The Master (id.) – de Paul Thomas Anderson – 2012
Avec Magnolia, PT Anderson avait réussi l’un des plus grands trips cinématographiques de la décennie précédente, un extraordinaire voyage sensoriel qui s’inscrivait dans la lignée d’Apocalypse Now de Coppola, ou de Lost Highway de Lynch. Depuis, aussi passionnante sa filmographie soit-elle, le cinéaste n’a plus jamais tout à fait été aussi enthousiasmant.
The Master n’est pas, lui non plus, à la hauteur de son chef d’œuvre. Mais cette rencontre de deux individus hors du commun, dans l’Amérique de l’après-guerre, est un film qui bouscule, et qui impressionne par la maîtrise du cinéaste. Inspiré par le parcours de Ron Hubbard, le charismatique et controversé fondateur de la scientologie, The Master raconte la rencontre, déterminante, entre un « maître à penser » dont la « famille » ne cesse de grandir, et un vétéran du Pacifique totalement paumé, dont le cerveau a visiblement été bien abîmé par l’alcool qu’il distille lui-même.

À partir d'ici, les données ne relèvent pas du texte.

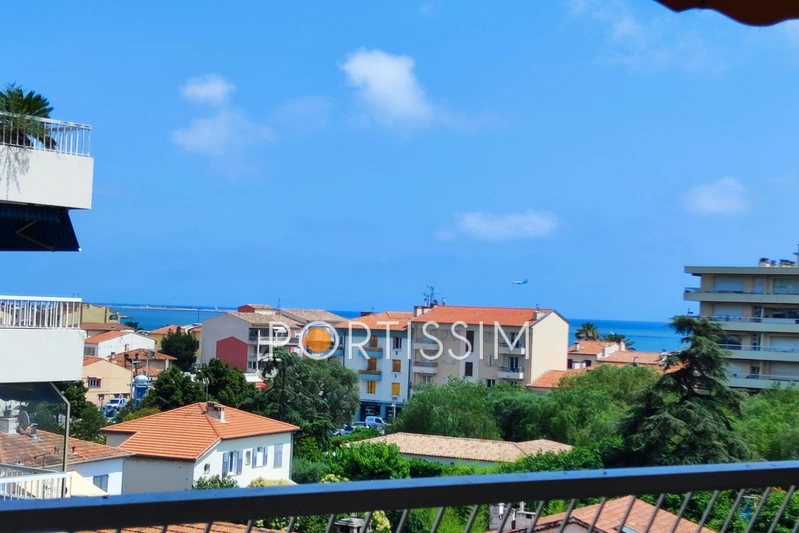 Vente appartement Cagnes-sur-Mer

Le film n’est pas un procès à charge de la Scientologie. Même si Anderson livre une vision de la secte qui fait souvent froid dans le dos, il ne juge rien ni personne, si ce n’est cette Amérique des années 50 pudibonde et hypocrite, dont le film ressuscite l’esthétique d’une manière éclatante, grâce à une photographie magnifique et l’utilisation (devenue rare) du 70 mm.
Philip Seymour Hoffman, dans le rôle du prédicateur, et Joaquin Phoenix, dans celui du paumé, sont exceptionnels. Ils sont les piliers du film, qui tourne entièrement autour de leur relation, de leur attirance-répulsion qui donne le ton, très changeant, de chaque scène. Chacune de ces scènes peut être considérée comme un petit chef d’œuvre, Anderson faisant preuve d’une maîtrise formelle hors du commun.
Brillant et passionnant, The Master reste toutefois trop froid, trop distant. L’émotion, trop souvent, ne fait qu’affleurer. Avec ce portrait croisé de deux hommes qui semblent se compléter, Anderson ne renouvelle pas ce qu’il avait si brillamment réussi avec Magnolia, un film chorale aux nombreux personnages : créer un véritable mouvement cinématographique.
• Le DVD de The Master a récemment été édité par Metropolitan Films.